Einstein worked for decades to come up with a better / simpler theory that would eliminate this “chance” stuff. Years later he said:

“Inwardly I am not so certain as I previously asserted,” he confessed to Schrödinger. “We have squandered a lot of time on this, and the result looks like a gift from the devil’s grandmother.”

Einstein’s belief in the certainty of nature’s laws became not just a principle but an article of faith as he grew older. And that faith was, for him, religious in nature. As he responded in a letter to a young girl who asked him whether he believed in God: “Everyone who is seriously involved in the pursuit of science becomes convinced that a spirit is manifest in the laws of the Universe – a spirit vastly superior to that of man, and one in the face of which we with our modest powers must feel humble. In this way the pursuit of science leads to a religious feeling of a special sort.”

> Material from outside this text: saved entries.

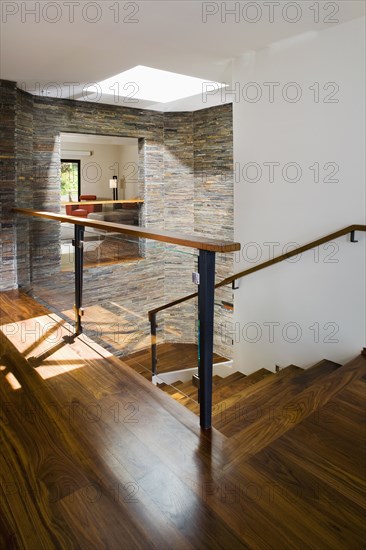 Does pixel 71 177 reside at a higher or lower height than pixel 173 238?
higher

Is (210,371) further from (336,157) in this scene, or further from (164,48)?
(164,48)

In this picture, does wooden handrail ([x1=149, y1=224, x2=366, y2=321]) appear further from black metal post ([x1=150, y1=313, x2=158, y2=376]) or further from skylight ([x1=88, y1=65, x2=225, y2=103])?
skylight ([x1=88, y1=65, x2=225, y2=103])

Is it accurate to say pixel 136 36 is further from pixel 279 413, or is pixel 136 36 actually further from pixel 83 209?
pixel 83 209

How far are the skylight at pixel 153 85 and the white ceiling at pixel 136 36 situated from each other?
1.34 ft

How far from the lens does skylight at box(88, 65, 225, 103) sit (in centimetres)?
486

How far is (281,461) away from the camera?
1823 mm

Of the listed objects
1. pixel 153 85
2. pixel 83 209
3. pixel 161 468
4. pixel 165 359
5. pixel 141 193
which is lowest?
pixel 161 468

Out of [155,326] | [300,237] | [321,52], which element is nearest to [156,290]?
[155,326]

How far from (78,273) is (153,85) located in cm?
322

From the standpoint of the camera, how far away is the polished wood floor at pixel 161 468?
54.3 inches

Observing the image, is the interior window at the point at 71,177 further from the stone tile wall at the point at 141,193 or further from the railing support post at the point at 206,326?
the railing support post at the point at 206,326

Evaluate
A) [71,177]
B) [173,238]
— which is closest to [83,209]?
[71,177]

At the end of his life, when death became imminent, he was taken to the Princeton hospital, where one of his final requests was for some notepaper and pencils so he could continue to work on his elusive unified field theory. He died shortly after one a.m. on April 18, 1955. By his bed were twelve pages of tightly written equations, littered with cross-outs and corrections. To the very end, he struggled to read the mind of the creator of the cosmos. And the final thing he wrote, before he went to sleep for the last time, was one more line of symbols and numbers that he hoped might get him, and the rest of us, just a little step closer to the spirit manifest in the laws of the universe.

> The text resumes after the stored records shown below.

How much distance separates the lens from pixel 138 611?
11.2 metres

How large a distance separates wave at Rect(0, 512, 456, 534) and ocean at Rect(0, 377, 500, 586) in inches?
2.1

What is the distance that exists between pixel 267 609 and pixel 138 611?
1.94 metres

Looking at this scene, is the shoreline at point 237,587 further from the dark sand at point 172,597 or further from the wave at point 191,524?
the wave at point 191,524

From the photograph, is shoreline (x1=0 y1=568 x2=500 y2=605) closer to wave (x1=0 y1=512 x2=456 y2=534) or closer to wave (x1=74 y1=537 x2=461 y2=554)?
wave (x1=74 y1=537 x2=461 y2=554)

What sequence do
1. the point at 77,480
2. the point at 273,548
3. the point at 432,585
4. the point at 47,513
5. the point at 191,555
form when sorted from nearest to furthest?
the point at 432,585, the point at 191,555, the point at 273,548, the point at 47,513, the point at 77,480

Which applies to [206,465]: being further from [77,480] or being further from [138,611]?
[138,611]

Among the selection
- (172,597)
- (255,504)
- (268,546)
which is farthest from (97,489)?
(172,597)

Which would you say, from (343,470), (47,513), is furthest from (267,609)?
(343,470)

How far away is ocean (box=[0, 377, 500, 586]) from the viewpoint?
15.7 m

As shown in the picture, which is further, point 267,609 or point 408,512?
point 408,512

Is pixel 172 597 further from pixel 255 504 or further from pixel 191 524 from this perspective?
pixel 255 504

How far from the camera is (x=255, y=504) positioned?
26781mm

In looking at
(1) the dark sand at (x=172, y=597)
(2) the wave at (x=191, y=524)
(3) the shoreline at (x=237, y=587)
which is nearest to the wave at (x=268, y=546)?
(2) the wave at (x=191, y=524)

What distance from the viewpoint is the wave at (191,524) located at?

source: catholiceducation.org/articles/catholic_stories/cs0388.htm
 

“Hoi polloi” interjecting here. 😉 We ARE listening, and we are not afraid to say that the “emperor” wears no clothes. The theory does not add up. We see that single-cell organisms continue to exist, and they are obviously going nowhere on the evolutionary ladder. The only physiological distinctions among peoples all over the earth are superficial. Nowhere is a population which is covered with fur, or one which has retained a vestigal tail! If what is presented is true, don’t you think an occasional human would sport a tail, just like Grandma’s of yesteryear? Recessive traits DO occasionally appear, you know. Rob
Actually, I can tell you it’s very painful when you fall heavily on your vestigial tail. I broke mine when I was thrown off a horse…ouch!
 
Many posters have stated that they don’t know of any Catholic who rejects the theory of evolution. It’s an infection coming from the fundamentalist Protestant churches. It is not a big problem with Catholics outside the US.
Absolutely right. Here in UK I know no-one who rejects evolution…except for one 93yr old lady and my regular Jehovah’s Witness visitor. And that includes my Catholic friends.
I believe there are fundamentalist groups (Muslim and Christian) who are mostly in cities who preach creationism and my worry is that they’ll use our new free school policies to try to take us back to the dark ages…
 
So, you believe in billions of unplanned positive mutations which carried on through countless generations. As a Harry Chapin fan, I say Balderdash!
Let’s imagine a culture of protozoa in a Petri dish. Explain the first two or three steps which substantively changed the protozoa, and set them on a billion year journey to elephants, lions, dolphins and man. If you can, might scientists be able to intelligently design a repeat performance of this today? :confused: Thanks, Rob
But by the time the ‘experiment’ had been finished and proved, the reader of the results would have evolved into a different species because it would have taken millions of years haha!!!
Understanding and imagining Time is your problem I fear.